No ABX... just as described.
Listen to your setup at home, at will at your convenience whenever you feel like it.
Teach the person who will be helping how to change the cables.
They should change the cables at random days when you are not there.
They should keep notes with day and time of change.
It should NEVER be visible to you which cable is in there. Cover them with paper or something else if you can see them.
Ensure you don't KNOW.
Listen to the music at your own leasure. Make notes + day/time of which cable you can clearly hear is in there (add confidence level if you want)

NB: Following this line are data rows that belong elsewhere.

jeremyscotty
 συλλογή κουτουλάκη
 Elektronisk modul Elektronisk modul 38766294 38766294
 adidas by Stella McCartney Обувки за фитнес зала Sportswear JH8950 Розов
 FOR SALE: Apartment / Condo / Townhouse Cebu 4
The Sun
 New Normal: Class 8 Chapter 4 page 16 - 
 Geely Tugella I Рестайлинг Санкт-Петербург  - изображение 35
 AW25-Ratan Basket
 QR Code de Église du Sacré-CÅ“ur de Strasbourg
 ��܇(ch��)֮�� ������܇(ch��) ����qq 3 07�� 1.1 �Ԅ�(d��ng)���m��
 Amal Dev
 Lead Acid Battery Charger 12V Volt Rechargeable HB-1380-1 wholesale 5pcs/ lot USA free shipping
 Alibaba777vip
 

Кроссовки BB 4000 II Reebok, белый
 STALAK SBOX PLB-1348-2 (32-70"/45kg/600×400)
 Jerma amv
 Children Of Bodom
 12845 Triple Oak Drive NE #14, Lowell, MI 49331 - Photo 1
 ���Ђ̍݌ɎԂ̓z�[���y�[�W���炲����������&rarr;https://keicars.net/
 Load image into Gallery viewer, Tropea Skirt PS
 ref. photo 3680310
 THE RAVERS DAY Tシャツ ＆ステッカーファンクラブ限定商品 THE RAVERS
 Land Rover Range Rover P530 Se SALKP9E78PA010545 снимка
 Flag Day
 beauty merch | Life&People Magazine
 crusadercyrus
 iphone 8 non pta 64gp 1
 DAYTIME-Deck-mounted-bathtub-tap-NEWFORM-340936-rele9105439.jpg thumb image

After a month or so compare notes.
In my case the item (a 'tweak' that is supposed to work after a few hours and would make sound more 'real') was switched just 3 times simply because the wife forgot to do this after a while and the remainder of the days the tweak wasn't applied.
There was no correlation and at times I would swear the tweak was applied and other days not. Even when there apparently was no tweak.
I also had a pre-amp with a switch in the back (my subjective days long ago) in it I could switch between capacitor coupled (using electrolytic caps, a few of them in series and cheap TL071 opamps) and a DC coupled pre-amp with compound decoupling and OP27 opamps (the rage at that time)
I swear I was able to tell and so did others when I flipped the switch and told what was in circuit.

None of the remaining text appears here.